For those of us who like to use the term 'I was working in big data before it was called big data', the new world order of analytics has some nuances and peculiarities that make it different from the old days of Business Intelligence (as it was called).
From a team perspective, there is this 'Data Scientist' person in a team. Lots of people these days call themselves data scientists – I will not endeavor to refute their claim, but I see this as a change from the old days. This person, often with a PhD, was not really there in the old days of analytics. We used to have the data modeler - basically, this is someone who worked with entity relationship mapping and data modeling techniques to define how data should be structured. Snowflake or star schema’s, dimensional tables, fact tables etc, this is the lingo that the modelers spoke. The data model was an essential part of an analytic project. In order to have your BI tool cross tab sales and customer, you had to have a data model that allowed sufficient links within data structures to allow this data traversing.

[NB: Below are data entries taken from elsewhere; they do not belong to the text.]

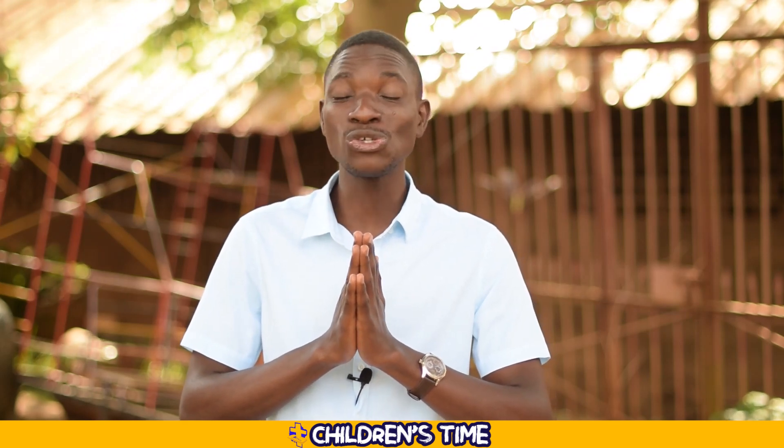It is indeed such a beautiful thing to praise the Lord. Thank you for praising the Lord with us. Now let us humble ourselves and we pray — our hands together, our eyes closed, and our heads we bow. Dear Lord, we praise you for this time. Thank you for the opportunity to learn about you this day, this week. We pray that you tune our hearts to what you want us to hear and do as you want us to do. We thank you and we bless you. We pray this in the precious mighty name of our Lord Jesus Christ. Amen.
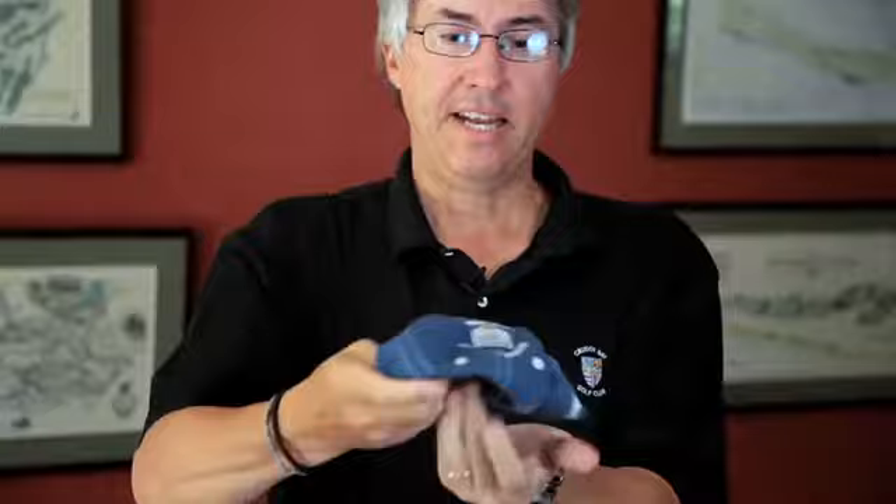E-Bags makes cool things called packing cubes. You can use them to help you organize your suitcase by putting all your socks in one of them. There's an art to packing a golf hat — you tuck the bill under the strap like that, and then you can put it in the bag flat.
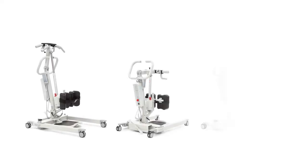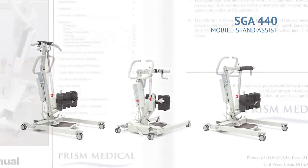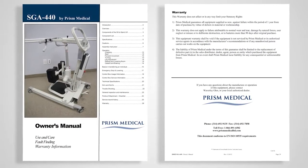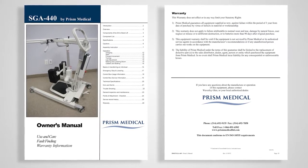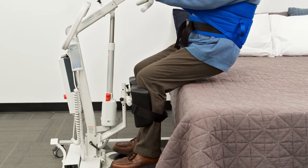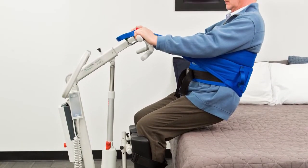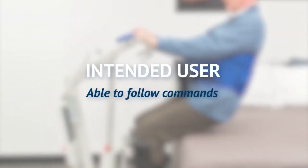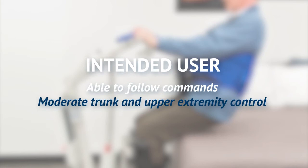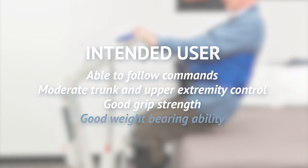This video covers the use of the PRISM SGA 440. Further information can be found in the owner's manual packaged with each lift. The SGA 440 is designed to assist in seated to seated transfers as well as aid in standing during rehabilitation. The patient should have the ability to follow commands, moderate trunk and upper extremity control, including good grip strength, and weight bearing ability.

Now, there is a different paradigm at play, the data model, I believe, has become less significant; that in itself is a major shift! The data model was the crown jewel of analytic projects. Database platforms were optimized and tuned and many years of effort expended to make sure the 'query' perform, indexes, etc were defined. If the data model was bad, you were hosed and done. Your beautifully formatted report or dashboard was not worth much if you did not spend well on the data model.
The new world order in the analytic world, while still retaining nuances of the data warehouse, is different. Recently, in one of my engagements for my company Inference Analytics, I was interpreting a table structure sent by a client for my Data Scientist, and I found this process interesting – I asked myself, why was I interpreting table structures? I was explaining the relationship between two files, so I asked my data scientist. 'Dude, you are the data scientist, not me, why am I interpreting table structures here for you?' And he had an interesting response. Data Scientists do not really specialize in data modeling. They want data in one large file that could be stored in HDFS etc, the emphasis is on the science, and then applying Machine Learning techniques: ensembles, associations, clustering etc to make sense of the data and find hidden patterns. This was quite revealing to me. So here is how this changes things:
|Data Warehouse||Data Lake and Exploratory Environment|
|You had to define your end user requirements in detail, so the data model could be constructed around those requirements.||The data itself reveals patterns through ML techniques that users are alerted on or made aware off, data requirements are minimal|
|Any changes in the user requirement could end up impacting the data model||Focus is on analytics and discovery so there is barely a data model to change|
|Data models had to be tuned to perform well and return answers||Platforms like Spark run the analytics by putting the data sets in memory, so manual tuning is not needed|
I will caveat the above again, by saying that what we are talking about above is more of a Data Lakes analytic environment. Data warehouses still exist and they still require everything as they did before including data modelers, however, the data exploratory analytic environment is becoming a very important part of the analytic ecosystem, to say the least, and may in fact become as important, if not more important than the traditional data warehouse.